The E-type remained in the USA until 2017, by which time it had spent a number of years in storage. It was then brought back to the UK by well-known E-type specialist The Splined Hub, and the company embarked on a complete restoration for the car’s new owner, with the brief being to rebuild it as close to original specification as possible.
The body was stripped to bare metal and all necessary repairs carried out before it was repainted in Opalescent Dark Blue – one of few deviations from how the car left the factory, but a colour that was an option on the 3.8 E-type in period. The engine was rebuilt to standard specification, as was the gearbox, and a new clutch assembly fitted.
As is standard practice for The Splined Hub’s restorations, all suspension components were re-plated, powder-coated or painted as appropriate, and new standard-hardness bushes were fitted along with new dampers.
The cradle for the independent rear suspension was stripped and powder-coated, and new springs and dampers used. The brakes were uprated via the use of four-pot front calipers – a sensible upgrade for modern use given the E-type’s performance – and braided steel brake hoses were used throughout. The only other modifications are electronic ignition and a Bluetooth amplifier that is hidden away so that the interior retains its original appearance.
For many enthusiasts, the Series 1 FHC is the best-looking of all E-types, and this example – now proudly offered for sale by the Classic Motor Hub – presents beautifully as a result of its painstaking restoration.
Launched at the 1961 Geneva Motor Show, the Jaguar E-type owed much to the famous Le Mans-winning D-type of the 1950s. Both cars were designed by aerodynamicist Malcolm Sayer, who had previously worked at the Bristol Aeroplane Company. He devised a central monocoque structure – referred to as the ‘fuselage’ by some of Jaguar’s top brass during development – to which was added a front subframe for the engine.
But while the D-type had used a live rear axle, independent suspension was used all round on the E-type, which was introduced with the 3.8-litre, triple-carburettor, straight-six engine from the outgoing XK 150 S. Its performance was astonishing for a car that cost far less than the equivalent Aston Martin or Ferrari. A pre-production FHC was lent to The Autocar for its road-test, and the magazine famously achieved a two-way average of just over 150mph.
Put that sort of performance with the E-type’s styling and it was clear that Jaguar was on to a winner. Bill Boddy wrote in Motor Sport that: ‘The E-type is a staggering motor car on all counts; safety, acceleration, speed, equipment, appearance – all are there, for a basic price of only £1,480.’

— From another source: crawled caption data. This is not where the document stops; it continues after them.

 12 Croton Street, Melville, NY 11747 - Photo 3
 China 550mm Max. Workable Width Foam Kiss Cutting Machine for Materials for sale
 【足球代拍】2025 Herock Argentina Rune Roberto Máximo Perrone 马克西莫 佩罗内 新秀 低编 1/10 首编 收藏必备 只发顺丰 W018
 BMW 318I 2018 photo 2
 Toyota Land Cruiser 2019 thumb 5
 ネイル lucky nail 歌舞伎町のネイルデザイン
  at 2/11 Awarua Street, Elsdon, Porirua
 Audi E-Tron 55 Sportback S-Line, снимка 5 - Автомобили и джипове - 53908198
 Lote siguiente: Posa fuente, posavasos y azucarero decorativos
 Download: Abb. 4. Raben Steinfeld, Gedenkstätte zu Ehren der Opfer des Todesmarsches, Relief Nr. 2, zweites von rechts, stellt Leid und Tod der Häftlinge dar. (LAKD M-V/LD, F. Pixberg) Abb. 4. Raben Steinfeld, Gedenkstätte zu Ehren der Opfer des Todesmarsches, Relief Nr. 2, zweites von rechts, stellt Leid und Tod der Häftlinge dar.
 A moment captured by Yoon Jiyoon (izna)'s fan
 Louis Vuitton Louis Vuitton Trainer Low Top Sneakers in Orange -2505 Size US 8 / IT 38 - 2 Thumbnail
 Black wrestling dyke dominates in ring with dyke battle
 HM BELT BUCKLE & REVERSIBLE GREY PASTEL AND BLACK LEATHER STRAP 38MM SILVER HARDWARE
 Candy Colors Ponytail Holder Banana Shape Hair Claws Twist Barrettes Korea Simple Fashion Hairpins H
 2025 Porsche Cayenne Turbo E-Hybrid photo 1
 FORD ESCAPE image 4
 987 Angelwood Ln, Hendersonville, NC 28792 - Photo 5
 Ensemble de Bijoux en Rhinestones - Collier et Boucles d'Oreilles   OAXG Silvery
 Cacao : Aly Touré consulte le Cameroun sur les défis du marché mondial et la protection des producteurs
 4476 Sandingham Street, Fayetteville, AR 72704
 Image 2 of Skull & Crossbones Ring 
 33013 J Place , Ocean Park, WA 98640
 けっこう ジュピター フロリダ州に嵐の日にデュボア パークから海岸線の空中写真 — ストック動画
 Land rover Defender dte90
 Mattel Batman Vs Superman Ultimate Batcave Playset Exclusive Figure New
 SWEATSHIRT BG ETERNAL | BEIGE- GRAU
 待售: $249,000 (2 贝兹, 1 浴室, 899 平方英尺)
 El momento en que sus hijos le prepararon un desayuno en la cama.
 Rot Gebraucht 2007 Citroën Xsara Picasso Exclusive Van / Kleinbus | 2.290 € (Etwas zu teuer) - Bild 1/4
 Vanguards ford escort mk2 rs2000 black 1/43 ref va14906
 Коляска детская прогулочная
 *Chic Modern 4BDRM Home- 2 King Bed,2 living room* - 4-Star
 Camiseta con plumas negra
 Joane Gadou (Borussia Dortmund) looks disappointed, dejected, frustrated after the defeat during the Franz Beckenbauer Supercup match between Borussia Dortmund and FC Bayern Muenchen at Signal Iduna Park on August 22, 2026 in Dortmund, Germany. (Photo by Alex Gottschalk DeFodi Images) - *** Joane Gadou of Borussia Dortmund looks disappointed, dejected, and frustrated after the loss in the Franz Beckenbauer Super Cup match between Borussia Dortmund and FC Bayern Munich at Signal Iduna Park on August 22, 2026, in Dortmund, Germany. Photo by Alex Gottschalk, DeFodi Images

Production of the roadster and FHC slowly ramped up through 1961, with early cars also scoring some notable competition success. In 1962, the ‘flat floors’ were replaced in order to provide more room in the foot well, and in late 1964 the engine was enlarged to 4.2 litres. At the same time, a Jaguar gearbox with synchromesh on all four speeds replaced the previous Moss gearbox.
In 1966, a 2+2 model was added to the range, and the Series 1 lived on until 1968, when it morphed into the facelifted Series 2. A more fundamental change came in 1971 with the addition of a V12 engine for the Series III, and the E-type lived on until 1975, when it was replaced by the XJ-S.